History of Libya as Italian Colony

From Wikipedia, the free encyclopedia

Coat of arms of Libya  History of Libya  
Periods

Ancient Libya

Islamic Tripolitania
and Cyrenaica

Ottoman Libya

Italian Colony

Kingdom of Libya

Modern Libya

For a full treatment of the Italian invasion of 1911, see Italian invasion of Libya.

The attempted Italian colonization of the Ottoman provinces of Tripolitania and Cyrenaica was never wholly successful. On October 3, 1911, the Italians attacked Tripoli, claiming somewhat disingenuously to be liberating Libya from Ottoman rule. Despite a major revolt by the Libyans, the Ottoman sultan ceded Libya to the Italians by signing the 1912 Treaty of Lausanne. Tripoli was largely under Italian control by 1914, but both Cyrenaica and the Fezzan were home to rebellions led by the Senussi.

Several reorganizations of the colonial authority were made necessary, in the face of the armed Libyan opposition. From 1919 (17 May) to 1929 (24 January) the Italian government maintained the two traditional provinces, with separate colonial administrations. A system of controlled local assemblies with limited local authority was set up, but it was revoked 9 March 1927. In 1929 Tripoli and Cyrenaica were united as one colonial province, then in 1934, as Italy struggled to retain colonial power, the classical name "Libya" was revived as the official name of the colony, which was split into four provinces, Tripoli, Misurata, Bengasi, and Derna.

On 25 October 1920 the Italian government recognized Sheikh Sidi Idris as the hereditary head of the nomadic Senussi, with wide authority in Kufra and other oases, as Emir of Cyrenaica, a new title extended by the British at the close of World War I. The emir would eventually become King of the free Libyan state.

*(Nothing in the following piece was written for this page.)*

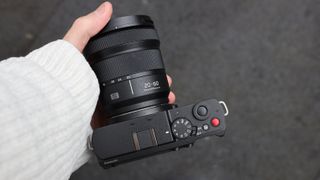 Panasonic Lumix S9 camera with a lens attached held in a hand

[edit] Mussolini and Libya

Fighting intensified after the accession to power in Italy of the dictator Benito Mussolini. King Idris fled to Egypt in 1922. From 1922 to 1928, Italian forces under General Badoglio waged a punitive pacification campaign. Badoglio's successor in the field, Marshal Rodolfo Graziani, accepted the commission from Mussolini on the condition that he was allowed to crush Libyan resistance unencumbered by the restraints of either Italian or international law. Mussolini reportedly agreed immediately and Graziani intensified the oppression. The Libyans continued to defend themselves, with the strongest voices of dissent coming from the Cyrenaica. Omar Mukhtar, a Senussi sheikh, became the leader of the uprising.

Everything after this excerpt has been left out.